= 1966 FIFA World Cup qualification – UEFA Group 9 =

Football tournament

This group originally included Syria as well as Spain and the Republic of Ireland. However Syria withdrew in support of the African teams who withdrew in protest at the allocation of spots. The Republic of Ireland and Spain subsequently played against each other on a home-and-away basis. When both teams won their home match, a play-off on neutral ground was played to decide who would qualify.

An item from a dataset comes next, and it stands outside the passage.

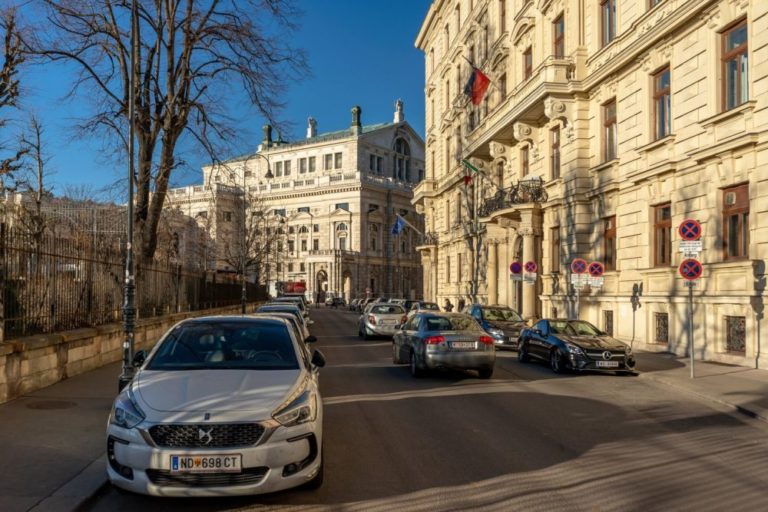 Löwelstraße und Burgtheater in Wien, Innere Stadt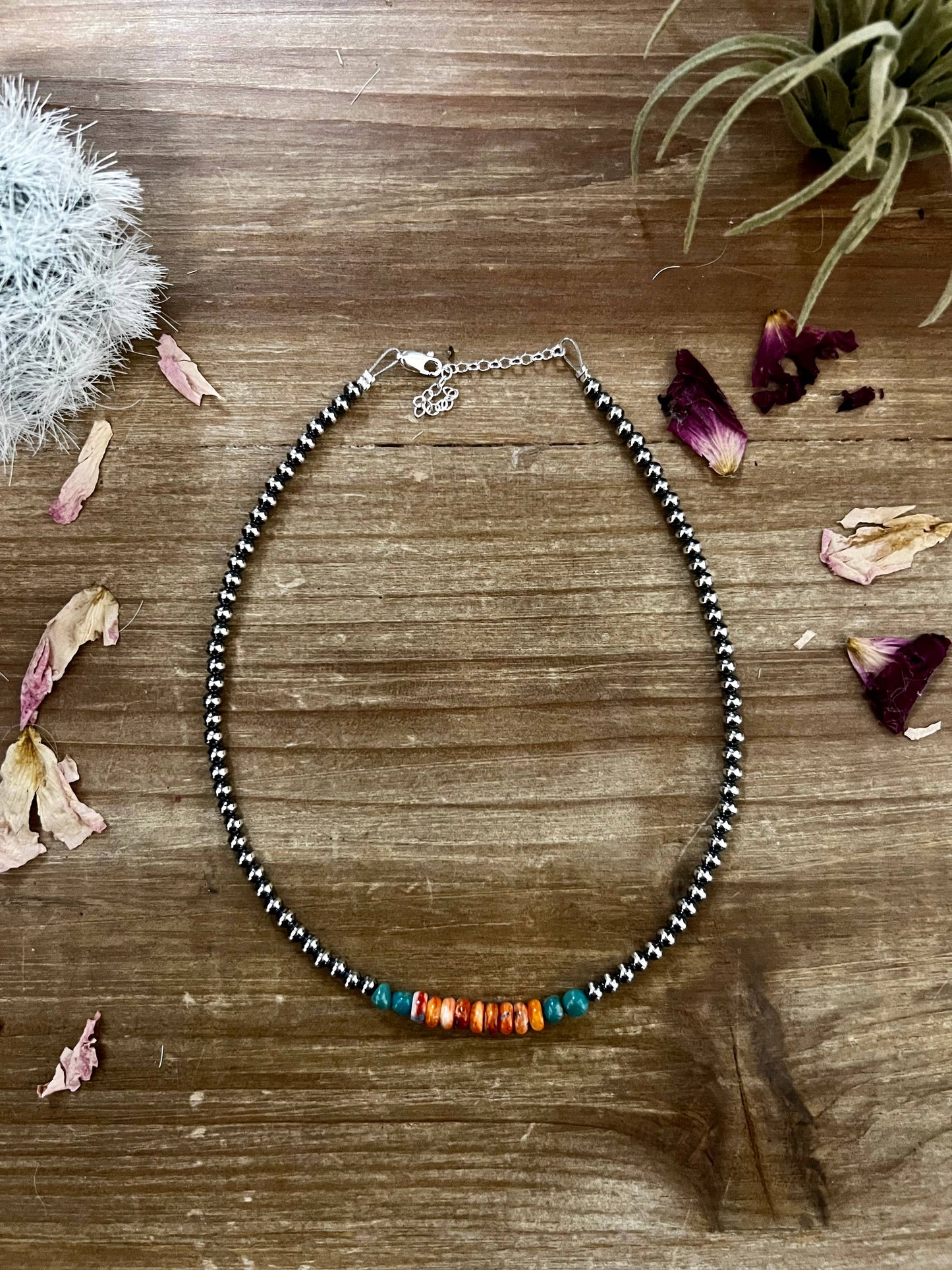 Spiny middle 4 mm Navajo pearl chokers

This match was initially to be played in London, a city with a large Irish immigrant population, but the Royal Spanish Football Federation and the Football Association of Ireland later came to an agreement and moved the match to Paris.
Spain won the play-off and qualified for the 1966 FIFA World Cup.

==Standings==

| Pos | Teamv; t; e; | Pld | W | D | L | GF | GA | GD | Pts | Qualification |  | Spain national football team | Republic of Ireland national football team | Syria national football team |
| 1= | Spain | 2 | 1 | 0 | 1 | 4 | 2 | +2 | 2 | Qualification for play-off |  | — | 4–1 | Canc. |
| 1= | Republic of Ireland | 2 | 1 | 0 | 1 | 2 | 4 | −2 | 2 |  | 1–0 | — | Canc. |
| — | Syria | 0 | 0 | 0 | 0 | 0 | 0 | 0 | 0 |  |  | Canc. | Canc. | — |

==Matches==
Syria withdrew to support the African teams who had withdrawn in protest at the allocation of spots.

5 May 1965
IRL 1-0 ESP
  IRL: Iribar 61'
----
27 October 1965
ESP 4-1 IRL
  ESP: Pereda 40', 43', 58', Lapetra 63'
  IRL: McEvoy 26'

===Play-off===
Republic of Ireland and Spain finished level on points, and a play-off on neutral ground was played to decide who would qualify. This match was initially to be played in London, a city with a large Irish immigrant population, but the Spanish and Irish football associations later came to an agreement and moved the match to Paris.